HELD: No. Art. 282. Termination by Employer. An employer may terminate an employment for any of the following causes:(a) Serious misconduct or willful disobedience by the employee of the lawful orders of his employer or representative in connection with his work; (b) Gross and habitual neglect by the employee of his duties;(c) Fraud or willful breach by the employee of the trust reposed in him by his employer or duly authorized representative; (d) Commission of a crime or offense by the employee against the person of his employer or any immediate member of his family or his duly authorized representative; and (e) Other causes analogous to the foregoing.

To warrant removal from service for gross and habitual neglect of duty, it must be shown that the negligence should not merely be gross, but also habitual.
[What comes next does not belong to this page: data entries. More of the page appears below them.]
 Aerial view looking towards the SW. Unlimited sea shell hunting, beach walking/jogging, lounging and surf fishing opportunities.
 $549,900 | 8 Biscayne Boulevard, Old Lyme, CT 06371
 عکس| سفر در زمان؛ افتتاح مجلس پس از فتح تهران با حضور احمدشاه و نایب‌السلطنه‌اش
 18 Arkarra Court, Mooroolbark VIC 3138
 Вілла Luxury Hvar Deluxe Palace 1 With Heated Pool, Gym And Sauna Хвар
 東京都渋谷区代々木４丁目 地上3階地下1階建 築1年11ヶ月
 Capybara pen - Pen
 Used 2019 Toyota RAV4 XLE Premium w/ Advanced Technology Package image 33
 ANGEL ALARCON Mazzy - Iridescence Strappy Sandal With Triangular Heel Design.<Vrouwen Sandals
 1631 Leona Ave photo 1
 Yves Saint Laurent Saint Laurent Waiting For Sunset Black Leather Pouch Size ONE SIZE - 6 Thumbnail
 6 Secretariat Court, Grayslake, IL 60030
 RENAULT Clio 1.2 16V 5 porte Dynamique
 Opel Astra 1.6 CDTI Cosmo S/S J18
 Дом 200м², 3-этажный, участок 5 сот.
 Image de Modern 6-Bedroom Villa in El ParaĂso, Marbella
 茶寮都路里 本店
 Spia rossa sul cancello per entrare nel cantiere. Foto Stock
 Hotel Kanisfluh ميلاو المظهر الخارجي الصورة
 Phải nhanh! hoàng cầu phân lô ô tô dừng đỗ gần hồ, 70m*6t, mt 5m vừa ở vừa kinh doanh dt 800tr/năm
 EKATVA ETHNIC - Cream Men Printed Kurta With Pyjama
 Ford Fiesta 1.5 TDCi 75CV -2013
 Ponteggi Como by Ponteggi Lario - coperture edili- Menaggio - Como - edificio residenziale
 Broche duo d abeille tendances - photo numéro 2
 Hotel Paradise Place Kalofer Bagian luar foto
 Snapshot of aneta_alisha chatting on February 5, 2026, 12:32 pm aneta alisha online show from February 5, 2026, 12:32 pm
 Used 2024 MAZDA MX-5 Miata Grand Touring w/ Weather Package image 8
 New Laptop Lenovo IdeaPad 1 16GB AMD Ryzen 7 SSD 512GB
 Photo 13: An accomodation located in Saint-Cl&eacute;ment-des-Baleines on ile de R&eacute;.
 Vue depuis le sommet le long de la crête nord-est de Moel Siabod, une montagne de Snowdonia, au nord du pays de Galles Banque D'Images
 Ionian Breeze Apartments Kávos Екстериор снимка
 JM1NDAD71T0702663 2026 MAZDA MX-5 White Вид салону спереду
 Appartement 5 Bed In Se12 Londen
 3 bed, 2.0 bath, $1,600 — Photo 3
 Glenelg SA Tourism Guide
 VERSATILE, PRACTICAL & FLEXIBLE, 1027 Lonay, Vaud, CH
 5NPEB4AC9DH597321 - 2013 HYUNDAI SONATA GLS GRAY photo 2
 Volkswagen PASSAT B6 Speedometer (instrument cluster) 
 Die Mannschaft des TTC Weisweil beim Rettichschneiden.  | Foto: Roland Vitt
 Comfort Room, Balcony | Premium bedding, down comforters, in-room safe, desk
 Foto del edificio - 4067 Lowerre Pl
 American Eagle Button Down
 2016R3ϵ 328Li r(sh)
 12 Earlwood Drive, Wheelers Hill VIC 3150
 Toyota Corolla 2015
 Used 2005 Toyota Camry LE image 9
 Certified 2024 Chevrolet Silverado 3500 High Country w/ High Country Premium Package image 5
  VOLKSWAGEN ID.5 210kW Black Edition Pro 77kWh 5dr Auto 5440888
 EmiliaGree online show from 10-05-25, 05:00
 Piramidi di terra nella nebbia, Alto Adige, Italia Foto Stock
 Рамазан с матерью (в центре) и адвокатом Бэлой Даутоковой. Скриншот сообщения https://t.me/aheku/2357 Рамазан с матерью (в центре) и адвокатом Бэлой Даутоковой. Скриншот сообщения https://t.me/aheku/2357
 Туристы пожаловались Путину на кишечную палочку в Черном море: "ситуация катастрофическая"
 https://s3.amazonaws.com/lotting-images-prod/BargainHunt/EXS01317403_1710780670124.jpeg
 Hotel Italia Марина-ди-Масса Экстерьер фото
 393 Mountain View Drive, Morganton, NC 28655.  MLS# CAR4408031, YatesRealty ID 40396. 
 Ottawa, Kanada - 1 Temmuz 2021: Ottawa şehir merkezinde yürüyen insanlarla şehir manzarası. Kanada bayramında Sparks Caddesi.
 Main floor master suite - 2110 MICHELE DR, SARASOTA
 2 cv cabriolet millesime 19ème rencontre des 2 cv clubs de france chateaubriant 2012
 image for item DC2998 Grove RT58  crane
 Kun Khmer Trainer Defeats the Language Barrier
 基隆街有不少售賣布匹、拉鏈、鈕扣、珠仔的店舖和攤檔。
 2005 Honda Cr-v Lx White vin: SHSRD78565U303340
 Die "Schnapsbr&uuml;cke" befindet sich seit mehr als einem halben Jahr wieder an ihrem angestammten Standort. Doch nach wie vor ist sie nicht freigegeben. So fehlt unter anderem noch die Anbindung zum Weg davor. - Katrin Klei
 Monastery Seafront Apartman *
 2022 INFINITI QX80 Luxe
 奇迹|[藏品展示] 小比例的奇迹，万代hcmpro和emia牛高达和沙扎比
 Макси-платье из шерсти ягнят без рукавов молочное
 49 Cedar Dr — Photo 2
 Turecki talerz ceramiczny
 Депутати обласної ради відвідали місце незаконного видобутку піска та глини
In breach of trust and confidence, so long as it is shown there is some basis for management to lose its trust and confidence and that the dismissal was not used as an occasion for abuse. In this case, Jumuad willfully breached her duties as to be unworthy of the trust and confidence of Hi-Flyer.Jumuad was a managerial employee. Jumuad executed management policies and had the power to discipline the employees of KFC. Article 212 (m) of the Labor Code defines a managerial employee as one who is vested with powers or prerogatives to lay down and execute management policies and/or hire, transfer, suspend, lay off, recall, discharge, assign or discipline employees.

The reports show that there were anomalies committed in the branches Jumuad managed. On the principle of respondeat superior or command responsibility alone, Jumuad may be held liable for negligence in the performance of her managerial duties. She may not have been directly involved in causing the cash shortages in KFC-Bohol, but she also did not perform her duty monitoring and supporting the day to day operations of the branches and ensure that all the facilities and equipment were properly maintained and serviced which could have prevented the anomalies.Rather than taking proactive steps to prevent the anomalies at her branches, Jumuad merely effected remedial measures. In the restaurant business where the health and well-being of the consuming public is at stake, this does not suffice.

Based on established facts, the mere existence of the grounds for the loss of trust and confidence justifies petitioners dismissal.Hi-Flyer exercised in good faith its management prerogative as there is no dispute that it has lost trust and confidence in her and her managerial abilities, to its damage and prejudice. Her dismissal, was therefore, justified. The law imposes many obligations on the employer such as providing just compensation to workers, observance of the procedural requirements of notice and hearing in the termination of employment. On the other hand, the law also recognizes the right of the employer to expect from its workers not only good performance, adequate work and diligence, but also good conduct and loyalty. The employer may not be compelled to continue to employ such persons whose continuance in the service will patently be inimical to its interests.